Daniel Vetter Jan. 30, 2013, 11:08 a.m. UTC | #3

On Wed, Jan 30, 2013 at 2:07 AM, Rob Clark <robdclark@gmail.com> wrote:
> ==========================
> Basic problem statement:
> ----- ------- ---------
> GPU's do operations that commonly involve many buffers.  Those buffers
> can be shared across contexts/processes, exist in different memory
> domains (for example VRAM vs system memory), and so on.  And with
> PRIME / dmabuf, they can even be shared across devices.  So there are
> a handful of situations where the driver needs to wait for buffers to
> become ready.  If you think about this in terms of waiting on a buffer
> mutex for it to become available, this presents a problem because
> there is no way to guarantee that buffers appear in a execbuf/batch in
> the same order in all contexts.  That is directly under control of
> userspace, and a result of the sequence of GL calls that an
> application makes.  Which results in the potential for deadlock.  The
> problem gets more complex when you consider that the kernel may need
> to migrate the buffer(s) into VRAM before the GPU operates on the
> buffer(s), which main in turn require evicting some other buffers (and
> you don't want to evict other buffers which are already queued up to
> the GPU), but for a simplified understanding of the problem you can
> ignore this.
>
> The algorithm that TTM came up with for dealing with this problem is
> quite simple.  For each group of buffers (execbuf) that need to be
> locked, the caller would be assigned a unique reservation_id, from a
> global counter.  In case of deadlock in the process of locking all the
> buffers associated with a execbuf, the one with the lowest
> reservation_id wins, and the one with the higher reservation_id
> unlocks all of the buffers that it has already locked, and then tries
> again.
>
> Originally TTM implemented this algorithm on top of an event-queue and
> atomic-ops, but Maarten Lankhorst realized that by merging this with
> the mutex code we could take advantage of the existing mutex fast-path
> code and result in a simpler solution, and so ticket_mutex was born.
> (Well, there where also some additional complexities with the original
> implementation when you start adding in cross-device buffer sharing
> for PRIME.. Maarten could probably better explain.)

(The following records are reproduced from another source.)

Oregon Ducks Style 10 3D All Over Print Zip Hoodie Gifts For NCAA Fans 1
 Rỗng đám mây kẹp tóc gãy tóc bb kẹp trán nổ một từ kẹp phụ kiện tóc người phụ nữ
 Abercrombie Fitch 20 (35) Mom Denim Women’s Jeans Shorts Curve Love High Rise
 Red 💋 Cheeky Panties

I think the motivational writeup above is really nice, but the example
code below is a bit wrong

> How it is used:
> --- -- -- -----
>
> A very simplified version:
>
>   int submit_execbuf(execbuf)
>   {
>       /* acquiring locks, before queuing up to GPU: */
>       seqno = assign_global_seqno();
>   retry:
>       for (buf in execbuf->buffers) {
>           ret = mutex_reserve_lock(&buf->lock, seqno);
>           switch (ret) {
>           case 0:
>               /* we got the lock */
>               break;
>           case -EAGAIN:
>               /* someone with a lower seqno, so unreserve and try again: */
>               for (buf2 in reverse order starting before buf in
> execbuf->buffers)
>                   mutex_unreserve_unlock(&buf2->lock);
>               goto retry;
>           default:
>               goto err;
>           }
>       }
>
>       /* now everything is good to go, submit job to GPU: */
>       ...
>   }
>
>   int finish_execbuf(execbuf)
>   {
>       /* when GPU is finished: */
>       for (buf in execbuf->buffers)
>           mutex_unreserve_unlock(&buf->lock);
>   }
> ==========================

Since gpu command submission is all asnyc (hopefully at least) we
don't unlock once it completes, but right away after the commands are
submitted. Otherwise you wouldn't be able to submit new execbufs using
the same buffer objects (and besides, holding locks while going back
out to userspace is evil).

The trick is to add a fence object for async operation (essentially a
waitqueue on steriods to support gpu->gpu direct signalling). And
updating fences for a given execbuf needs to happen atomically for all
buffers, for otherwise userspace could trick the kernel into creating
a circular fence chain. This wouldn't deadlock the kernel, since
everything is async, but it'll nicely deadlock the gpus involved.
Hence why we need ticketing locks to get dma_buf fences off the
ground.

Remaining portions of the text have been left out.